▶ _Problem requirements_:
In the entries that follow, the lines from the one with "NFL x ION8, Inox, Philadelphia" through the one with "Green Chevron Pattern" are the ones to write out, exactly and with both ends included. Nothing else should appear.

▶ _Records for the exercise_:
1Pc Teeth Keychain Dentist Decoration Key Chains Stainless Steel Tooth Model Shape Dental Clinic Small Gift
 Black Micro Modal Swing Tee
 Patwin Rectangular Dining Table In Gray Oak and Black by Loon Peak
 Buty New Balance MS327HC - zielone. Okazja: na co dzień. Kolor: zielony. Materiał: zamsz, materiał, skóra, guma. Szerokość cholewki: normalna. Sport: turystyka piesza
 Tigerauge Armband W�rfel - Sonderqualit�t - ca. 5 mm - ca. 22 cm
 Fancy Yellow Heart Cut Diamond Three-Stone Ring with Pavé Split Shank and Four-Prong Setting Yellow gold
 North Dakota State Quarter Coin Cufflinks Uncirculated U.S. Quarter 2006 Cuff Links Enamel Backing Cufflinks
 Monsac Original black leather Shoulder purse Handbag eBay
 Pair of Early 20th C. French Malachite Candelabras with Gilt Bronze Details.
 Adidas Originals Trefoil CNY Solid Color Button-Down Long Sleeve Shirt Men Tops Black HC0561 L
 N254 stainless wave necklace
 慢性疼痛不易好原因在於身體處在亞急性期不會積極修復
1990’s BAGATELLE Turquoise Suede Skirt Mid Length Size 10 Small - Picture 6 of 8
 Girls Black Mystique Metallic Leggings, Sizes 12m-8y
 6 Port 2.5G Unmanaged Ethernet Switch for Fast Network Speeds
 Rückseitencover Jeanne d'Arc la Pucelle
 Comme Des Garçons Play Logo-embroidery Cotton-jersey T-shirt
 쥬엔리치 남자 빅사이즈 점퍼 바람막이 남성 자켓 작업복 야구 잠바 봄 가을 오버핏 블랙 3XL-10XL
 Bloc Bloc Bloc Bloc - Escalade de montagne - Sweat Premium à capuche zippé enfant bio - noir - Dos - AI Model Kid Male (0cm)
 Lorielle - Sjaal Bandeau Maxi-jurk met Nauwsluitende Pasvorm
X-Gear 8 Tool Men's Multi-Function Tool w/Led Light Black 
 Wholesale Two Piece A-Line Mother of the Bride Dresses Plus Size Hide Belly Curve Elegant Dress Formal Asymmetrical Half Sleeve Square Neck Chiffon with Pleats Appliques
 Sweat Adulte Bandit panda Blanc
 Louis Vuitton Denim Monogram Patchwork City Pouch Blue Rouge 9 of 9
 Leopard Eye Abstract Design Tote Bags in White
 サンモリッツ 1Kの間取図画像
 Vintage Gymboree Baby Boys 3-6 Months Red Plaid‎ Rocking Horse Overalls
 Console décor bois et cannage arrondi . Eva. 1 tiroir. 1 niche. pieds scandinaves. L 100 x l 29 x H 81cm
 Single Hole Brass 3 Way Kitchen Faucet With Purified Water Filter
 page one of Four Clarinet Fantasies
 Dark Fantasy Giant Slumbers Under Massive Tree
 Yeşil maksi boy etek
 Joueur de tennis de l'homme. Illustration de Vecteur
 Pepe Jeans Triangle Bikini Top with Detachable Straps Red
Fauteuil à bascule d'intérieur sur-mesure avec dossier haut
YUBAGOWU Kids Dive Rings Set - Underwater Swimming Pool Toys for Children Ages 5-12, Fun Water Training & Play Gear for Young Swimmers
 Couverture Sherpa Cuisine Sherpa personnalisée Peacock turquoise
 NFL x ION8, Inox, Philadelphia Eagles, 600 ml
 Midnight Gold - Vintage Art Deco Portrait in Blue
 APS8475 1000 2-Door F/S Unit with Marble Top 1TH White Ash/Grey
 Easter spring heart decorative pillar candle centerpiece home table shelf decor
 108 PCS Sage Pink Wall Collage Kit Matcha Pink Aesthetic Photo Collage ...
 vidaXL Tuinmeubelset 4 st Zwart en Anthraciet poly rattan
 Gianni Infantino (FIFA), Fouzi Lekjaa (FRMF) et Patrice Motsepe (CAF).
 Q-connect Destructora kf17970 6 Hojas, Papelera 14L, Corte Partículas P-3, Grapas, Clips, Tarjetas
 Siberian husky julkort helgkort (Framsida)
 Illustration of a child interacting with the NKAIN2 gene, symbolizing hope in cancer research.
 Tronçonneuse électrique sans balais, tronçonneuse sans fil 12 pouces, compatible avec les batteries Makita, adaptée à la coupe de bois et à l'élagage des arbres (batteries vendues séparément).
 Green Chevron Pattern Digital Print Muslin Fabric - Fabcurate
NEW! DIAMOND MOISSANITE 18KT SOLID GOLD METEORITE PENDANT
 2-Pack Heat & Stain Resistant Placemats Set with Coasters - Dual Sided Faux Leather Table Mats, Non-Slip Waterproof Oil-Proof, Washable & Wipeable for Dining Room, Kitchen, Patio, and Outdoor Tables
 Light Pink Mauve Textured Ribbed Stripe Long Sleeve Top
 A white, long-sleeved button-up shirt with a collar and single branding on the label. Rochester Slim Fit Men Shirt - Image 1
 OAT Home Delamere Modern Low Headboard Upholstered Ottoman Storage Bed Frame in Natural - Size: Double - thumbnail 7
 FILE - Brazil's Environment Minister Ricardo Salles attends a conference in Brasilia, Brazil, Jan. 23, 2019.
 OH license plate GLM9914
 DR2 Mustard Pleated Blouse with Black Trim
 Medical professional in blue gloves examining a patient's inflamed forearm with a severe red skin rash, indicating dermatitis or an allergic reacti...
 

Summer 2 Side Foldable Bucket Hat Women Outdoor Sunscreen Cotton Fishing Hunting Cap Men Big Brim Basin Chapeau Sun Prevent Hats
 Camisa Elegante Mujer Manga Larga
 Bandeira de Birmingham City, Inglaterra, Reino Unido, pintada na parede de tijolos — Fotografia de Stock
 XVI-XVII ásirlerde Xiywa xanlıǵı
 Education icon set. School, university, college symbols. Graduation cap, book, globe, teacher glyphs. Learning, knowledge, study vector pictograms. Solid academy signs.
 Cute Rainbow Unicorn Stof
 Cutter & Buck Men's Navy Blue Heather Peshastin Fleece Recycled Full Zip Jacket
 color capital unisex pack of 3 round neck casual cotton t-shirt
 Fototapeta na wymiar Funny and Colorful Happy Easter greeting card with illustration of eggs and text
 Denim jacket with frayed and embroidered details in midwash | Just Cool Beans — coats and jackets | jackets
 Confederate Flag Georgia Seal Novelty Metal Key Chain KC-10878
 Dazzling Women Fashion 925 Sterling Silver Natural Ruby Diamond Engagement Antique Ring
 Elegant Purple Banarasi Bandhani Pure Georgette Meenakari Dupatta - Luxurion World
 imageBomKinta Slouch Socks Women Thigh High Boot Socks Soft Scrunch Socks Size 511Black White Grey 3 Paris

▶ _Task result_:
 NFL x ION8, Inox, Philadelphia Eagles, 600 ml
 Midnight Gold - Vintage Art Deco Portrait in Blue
 APS8475 1000 2-Door F/S Unit with Marble Top 1TH White Ash/Grey
 Easter spring heart decorative pillar candle centerpiece home table shelf decor
 108 PCS Sage Pink Wall Collage Kit Matcha Pink Aesthetic Photo Collage ...
 vidaXL Tuinmeubelset 4 st Zwart en Anthraciet poly rattan
 Gianni Infantino (FIFA), Fouzi Lekjaa (FRMF) et Patrice Motsepe (CAF).
 Q-connect Destructora kf17970 6 Hojas, Papelera 14L, Corte Partículas P-3, Grapas, Clips, Tarjetas
 Siberian husky julkort helgkort (Framsida)
 Illustration of a child interacting with the NKAIN2 gene, symbolizing hope in cancer research.
 Tronçonneuse électrique sans balais, tronçonneuse sans fil 12 pouces, compatible avec les batteries Makita, adaptée à la coupe de bois et à l'élagage des arbres (batteries vendues séparément).
 Green Chevron Pattern Digital Print Muslin Fabric - Fabcurate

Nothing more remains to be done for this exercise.